It was a lot of work, but it was not a self-taught personal opinion. It was a rigorous merger of academic research, test reviews, and practical experience. See below:
|Failure Area||No Better Than Chance||Low Accuracy||Medium Accuracy||High Accuracy|
|General learning and problem-solving||Interview||Sales or management test||Behavioral Interview||Solving written business decision-making problems|
|Time and territory management; follow up||Interview||Sales test or management test||Behavioral Interview||Solving written business-planning problems|
|Persuasive skills||Interview||Sales test or management test||Behavioral Interview||Sales simulation|
|Relationship building skills||Interview||Sales test or management test||Behavioral Interview||Prospect simulation|
|Fact-finding skills||Interview||Sales test or management test||Behavioral Interview||Phone simulation|
|Presentation skills||Interview||Sell me the wastebasket||Behavioral Interview||Presentation exercise|
|Customer service skills||Interview||Sales test or management test||Behavioral Interview||Customer service simulation|
|Peer or subordinate coaching skills||Interview||Sales test or management test||Behavioral Interview||Coaching simulation|
|Attitudes, interests and motivations||Interview||Personality test||Behavioral Interview||Behavioral interview combined with attitudes, interests and motivations (AIMS) test|
|Specific technical and knowledge areas||Interview||Behavioral Interview||Case study or similar exercise|
The only way to prevent sales and sales management applicants from controlling interviews was to use hard-to-fake tests that evaluated each of the four major areas. Of course, in hindsight, it all made perfect sense. We never could be perfect, but if we screened out applicants who could not problem-solve a test, we could be sure they could not solve similar problems on the job. Applicants who had poor scores on “details” would probably be sloppy on the job. Applicants who offended trained role players would probably offend prospects and clients.

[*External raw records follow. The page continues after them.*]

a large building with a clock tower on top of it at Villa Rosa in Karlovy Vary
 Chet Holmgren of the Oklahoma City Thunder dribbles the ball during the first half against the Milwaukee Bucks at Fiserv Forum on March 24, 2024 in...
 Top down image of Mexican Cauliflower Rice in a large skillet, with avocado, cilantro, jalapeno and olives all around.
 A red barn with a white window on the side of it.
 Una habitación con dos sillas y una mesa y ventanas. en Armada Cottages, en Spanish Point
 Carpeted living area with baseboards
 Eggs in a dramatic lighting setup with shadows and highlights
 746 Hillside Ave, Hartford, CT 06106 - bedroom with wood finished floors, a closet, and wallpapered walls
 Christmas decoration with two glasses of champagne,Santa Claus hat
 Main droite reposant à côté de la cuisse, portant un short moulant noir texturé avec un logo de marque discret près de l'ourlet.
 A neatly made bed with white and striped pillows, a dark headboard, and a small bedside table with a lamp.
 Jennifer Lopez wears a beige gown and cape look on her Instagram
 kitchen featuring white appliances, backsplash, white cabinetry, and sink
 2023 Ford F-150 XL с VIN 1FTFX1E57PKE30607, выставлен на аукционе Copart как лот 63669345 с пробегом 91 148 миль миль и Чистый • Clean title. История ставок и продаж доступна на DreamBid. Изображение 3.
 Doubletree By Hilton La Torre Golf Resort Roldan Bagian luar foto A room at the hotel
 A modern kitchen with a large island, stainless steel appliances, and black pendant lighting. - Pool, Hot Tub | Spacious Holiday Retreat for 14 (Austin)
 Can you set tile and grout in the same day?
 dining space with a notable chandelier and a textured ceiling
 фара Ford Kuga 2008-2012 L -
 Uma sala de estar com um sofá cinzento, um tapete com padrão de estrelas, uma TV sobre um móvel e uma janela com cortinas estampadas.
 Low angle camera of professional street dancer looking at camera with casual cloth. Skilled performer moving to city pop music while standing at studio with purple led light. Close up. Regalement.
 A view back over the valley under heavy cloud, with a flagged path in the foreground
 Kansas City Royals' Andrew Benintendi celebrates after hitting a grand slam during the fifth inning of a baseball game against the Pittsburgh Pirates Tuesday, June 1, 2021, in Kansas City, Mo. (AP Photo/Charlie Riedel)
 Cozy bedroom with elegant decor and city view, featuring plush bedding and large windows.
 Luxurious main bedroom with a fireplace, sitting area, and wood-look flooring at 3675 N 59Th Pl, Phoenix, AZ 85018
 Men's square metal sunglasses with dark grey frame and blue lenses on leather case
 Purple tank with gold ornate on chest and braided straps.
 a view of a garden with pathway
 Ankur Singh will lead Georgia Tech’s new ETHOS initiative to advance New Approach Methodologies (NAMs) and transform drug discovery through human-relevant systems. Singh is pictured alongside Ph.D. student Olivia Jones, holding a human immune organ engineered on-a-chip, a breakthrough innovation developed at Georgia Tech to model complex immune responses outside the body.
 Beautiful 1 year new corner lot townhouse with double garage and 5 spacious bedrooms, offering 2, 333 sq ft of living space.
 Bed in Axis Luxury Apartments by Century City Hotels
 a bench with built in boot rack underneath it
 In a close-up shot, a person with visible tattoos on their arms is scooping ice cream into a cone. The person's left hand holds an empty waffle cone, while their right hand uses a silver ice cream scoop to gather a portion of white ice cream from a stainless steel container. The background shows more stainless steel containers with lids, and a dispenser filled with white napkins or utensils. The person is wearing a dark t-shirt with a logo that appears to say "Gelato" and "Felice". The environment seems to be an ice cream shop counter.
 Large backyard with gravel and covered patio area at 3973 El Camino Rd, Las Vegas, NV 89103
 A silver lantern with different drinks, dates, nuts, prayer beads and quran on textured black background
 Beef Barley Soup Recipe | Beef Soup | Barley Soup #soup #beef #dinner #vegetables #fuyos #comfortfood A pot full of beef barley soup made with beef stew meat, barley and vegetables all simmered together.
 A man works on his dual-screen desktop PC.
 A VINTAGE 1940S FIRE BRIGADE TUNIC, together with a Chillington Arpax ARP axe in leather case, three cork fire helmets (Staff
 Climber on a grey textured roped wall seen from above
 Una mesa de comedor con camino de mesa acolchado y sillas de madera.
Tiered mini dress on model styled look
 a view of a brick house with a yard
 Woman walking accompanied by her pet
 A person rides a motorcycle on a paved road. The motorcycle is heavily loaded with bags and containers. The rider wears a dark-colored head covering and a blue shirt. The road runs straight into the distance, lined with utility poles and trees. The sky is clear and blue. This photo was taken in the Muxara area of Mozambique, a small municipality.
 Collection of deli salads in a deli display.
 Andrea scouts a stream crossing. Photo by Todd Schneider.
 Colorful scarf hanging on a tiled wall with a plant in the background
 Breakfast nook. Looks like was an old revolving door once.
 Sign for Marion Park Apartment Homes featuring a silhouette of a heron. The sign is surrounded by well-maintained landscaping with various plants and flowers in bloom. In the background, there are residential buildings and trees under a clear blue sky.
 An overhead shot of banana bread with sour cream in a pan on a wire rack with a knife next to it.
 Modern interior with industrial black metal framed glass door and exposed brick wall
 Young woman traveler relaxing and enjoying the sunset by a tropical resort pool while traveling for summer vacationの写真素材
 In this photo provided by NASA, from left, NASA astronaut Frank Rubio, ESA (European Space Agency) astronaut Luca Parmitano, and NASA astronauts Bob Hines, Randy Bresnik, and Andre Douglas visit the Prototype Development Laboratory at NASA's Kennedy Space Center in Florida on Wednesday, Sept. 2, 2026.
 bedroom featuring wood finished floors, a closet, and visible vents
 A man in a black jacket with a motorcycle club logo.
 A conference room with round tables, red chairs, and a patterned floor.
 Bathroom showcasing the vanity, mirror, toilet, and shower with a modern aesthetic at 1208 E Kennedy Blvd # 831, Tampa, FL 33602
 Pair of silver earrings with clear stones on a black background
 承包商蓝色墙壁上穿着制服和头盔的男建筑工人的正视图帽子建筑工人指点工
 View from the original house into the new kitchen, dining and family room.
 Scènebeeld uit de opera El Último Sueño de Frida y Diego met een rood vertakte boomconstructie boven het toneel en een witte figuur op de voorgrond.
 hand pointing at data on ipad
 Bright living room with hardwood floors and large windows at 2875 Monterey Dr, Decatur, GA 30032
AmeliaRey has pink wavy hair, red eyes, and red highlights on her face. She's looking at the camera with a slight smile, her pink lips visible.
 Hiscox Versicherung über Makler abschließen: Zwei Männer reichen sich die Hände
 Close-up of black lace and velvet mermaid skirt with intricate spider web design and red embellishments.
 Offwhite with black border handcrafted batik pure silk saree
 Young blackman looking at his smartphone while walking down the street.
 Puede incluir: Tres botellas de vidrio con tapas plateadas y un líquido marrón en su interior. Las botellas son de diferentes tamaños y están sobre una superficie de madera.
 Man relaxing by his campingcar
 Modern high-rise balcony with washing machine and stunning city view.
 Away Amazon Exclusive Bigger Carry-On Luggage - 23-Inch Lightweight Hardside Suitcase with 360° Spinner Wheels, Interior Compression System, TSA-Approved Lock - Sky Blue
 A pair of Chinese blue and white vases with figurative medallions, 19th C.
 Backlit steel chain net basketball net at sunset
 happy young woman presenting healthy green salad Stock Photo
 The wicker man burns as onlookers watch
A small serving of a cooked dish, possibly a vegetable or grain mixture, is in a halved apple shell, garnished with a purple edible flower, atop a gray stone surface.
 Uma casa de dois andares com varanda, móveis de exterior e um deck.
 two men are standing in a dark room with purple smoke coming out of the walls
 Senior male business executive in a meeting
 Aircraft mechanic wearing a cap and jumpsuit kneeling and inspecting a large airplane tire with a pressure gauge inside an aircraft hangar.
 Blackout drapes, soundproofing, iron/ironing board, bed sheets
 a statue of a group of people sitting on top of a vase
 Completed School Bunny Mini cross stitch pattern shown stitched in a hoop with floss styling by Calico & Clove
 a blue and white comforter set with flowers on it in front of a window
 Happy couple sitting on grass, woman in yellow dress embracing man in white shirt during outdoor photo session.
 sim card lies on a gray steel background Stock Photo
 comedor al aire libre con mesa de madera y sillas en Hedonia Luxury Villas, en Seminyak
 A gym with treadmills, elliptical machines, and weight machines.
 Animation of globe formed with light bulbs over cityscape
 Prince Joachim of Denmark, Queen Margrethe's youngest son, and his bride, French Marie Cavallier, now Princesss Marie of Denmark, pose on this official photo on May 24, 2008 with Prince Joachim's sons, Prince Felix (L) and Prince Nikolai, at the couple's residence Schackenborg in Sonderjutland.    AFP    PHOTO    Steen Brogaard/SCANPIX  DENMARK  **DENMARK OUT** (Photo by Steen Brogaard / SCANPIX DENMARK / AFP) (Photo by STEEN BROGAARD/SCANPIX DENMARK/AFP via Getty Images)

Finally, applicants who told us what we wanted to hear in an interview had a hard time faking true motives on an attitudes, interests and motivations (AIMs) test. We still made final hiring decisions with our gut, but our gut was full of data! Yes, there was a down side (if one could call it that). We had to screen twice as many sales and sales management applicants to get ones with the right skills. You see, our screening system eliminated a greater percentage of people who would have failed on the job. But the test cut-points were not set arbitrarily; they were set using validity studies. The system was not too stringent, according to the sales VPs. They liked having smart salespeople and managers who could relate, discover, present, cross-sell, and service customers. We did not reinvent the wheel. We just rediscovered “round.”